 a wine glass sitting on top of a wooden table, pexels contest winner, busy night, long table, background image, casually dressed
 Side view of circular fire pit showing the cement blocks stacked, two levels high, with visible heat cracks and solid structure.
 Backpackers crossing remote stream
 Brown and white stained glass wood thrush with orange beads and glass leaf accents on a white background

--

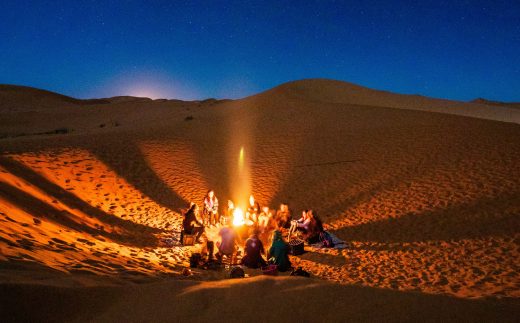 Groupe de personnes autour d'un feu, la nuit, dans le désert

==

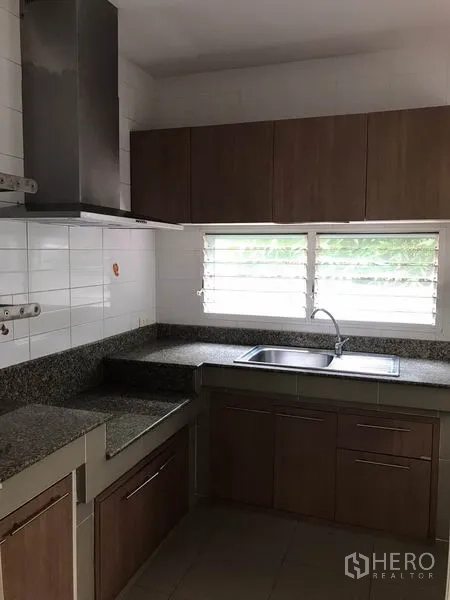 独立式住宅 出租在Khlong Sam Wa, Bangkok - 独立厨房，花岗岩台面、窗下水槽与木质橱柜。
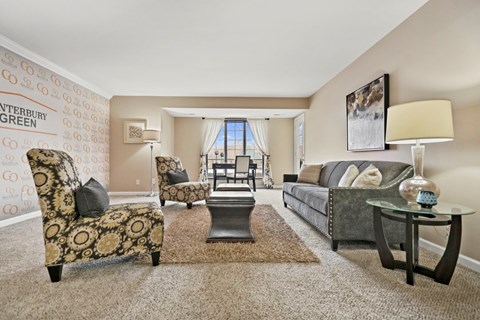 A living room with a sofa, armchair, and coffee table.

__EXERCISE GOAL__:
Both the line containing "Side view of" and the line containing "Brown and white" belong in the answer. Print them and every line above that falls between them exactly, and no others.

__WRITTEN SOLUTION__:
 Side view of circular fire pit showing the cement blocks stacked, two levels high, with visible heat cracks and solid structure.
 Backpackers crossing remote stream
 Brown and white stained glass wood thrush with orange beads and glass leaf accents on a white background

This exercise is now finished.